Lightweight Metadata-Aware Mixture-of-Experts Masked Autoencoder for Earth Observation
This work addresses accessibility and reuse limitations for Earth Observation downstream tasks through a more efficient model architecture.
The authors tackled the problem of computationally expensive Earth Observation foundation models by proposing a compact Metadata-aware Mixture-of-Experts Masked Autoencoder with only 2.5M parameters, which despite its small size competes with much larger architectures and demonstrates improved transfer and label efficiency.
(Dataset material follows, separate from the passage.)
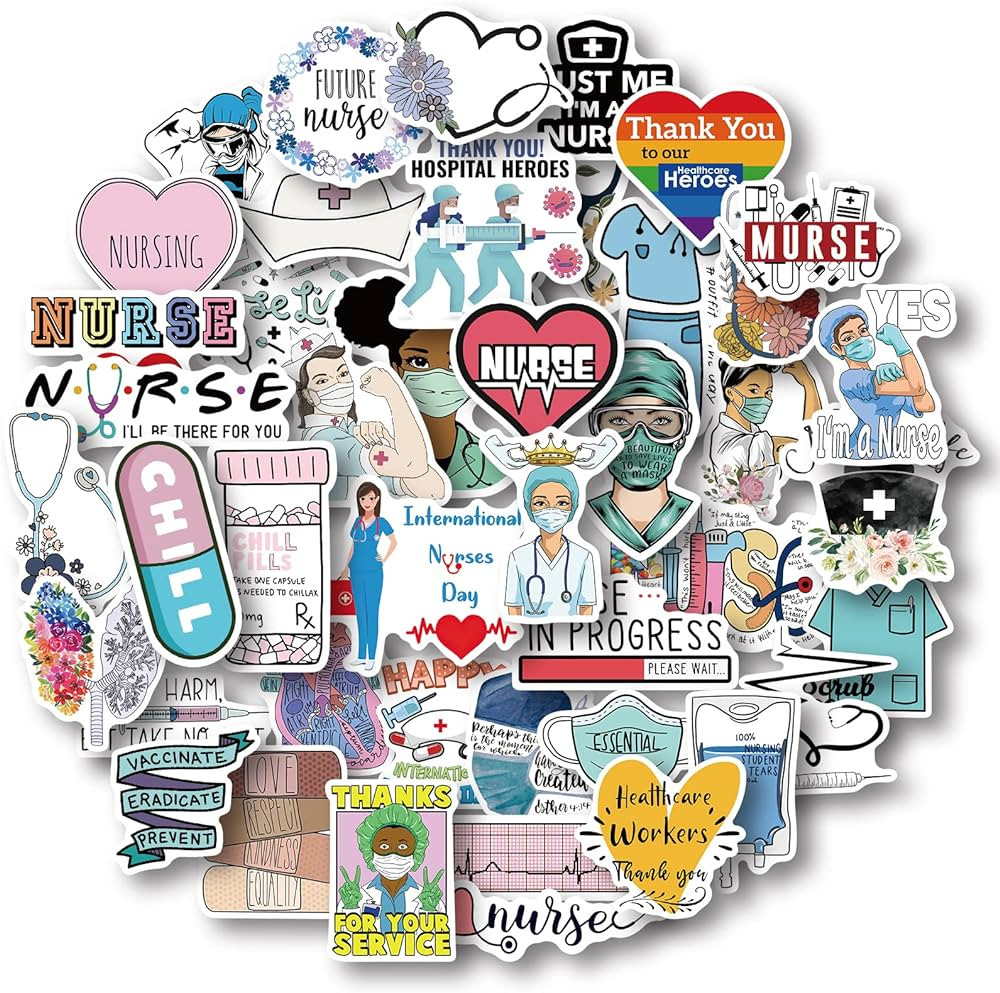 Aowplc 50 Pcs Nurse Stickers, Vinyl Nursing Stickers Decals for Laptops and Water Bottles, Nurse ... | Amazon (US)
Recent advances in Earth Observation have focused on large-scale foundation models. However, these models are computationally expensive, limiting their accessibility and reuse for downstream tasks. In this work, we investigate compact architectures as a practical pathway toward smaller general-purpose EO models. We propose a Metadata-aware Mixture-of-Experts Masked Autoencoder (MoE-MAE) with only 2.5M parameters. The model combines sparse expert routing with geo-temporal conditioning, incorporating imagery alongside latitude/longitude and seasonal/daily cyclic encodings. We pretrain the MoE-MAE on the BigEarthNet-Landsat dataset and evaluate embeddings from its frozen encoder using linear probes. Despite its small size, the model competes with much larger architectures, demonstrating that metadata-aware pretraining improves transfer and label efficiency. To further assess generalization, we evaluate on the EuroSAT-Landsat dataset, which lacks explicit metadata, and still observe competitive performance compared to models with hundreds of millions of parameters. These results suggest that compact, metadata-aware MoE-MAEs are an efficient and scalable step toward future EO foundation models.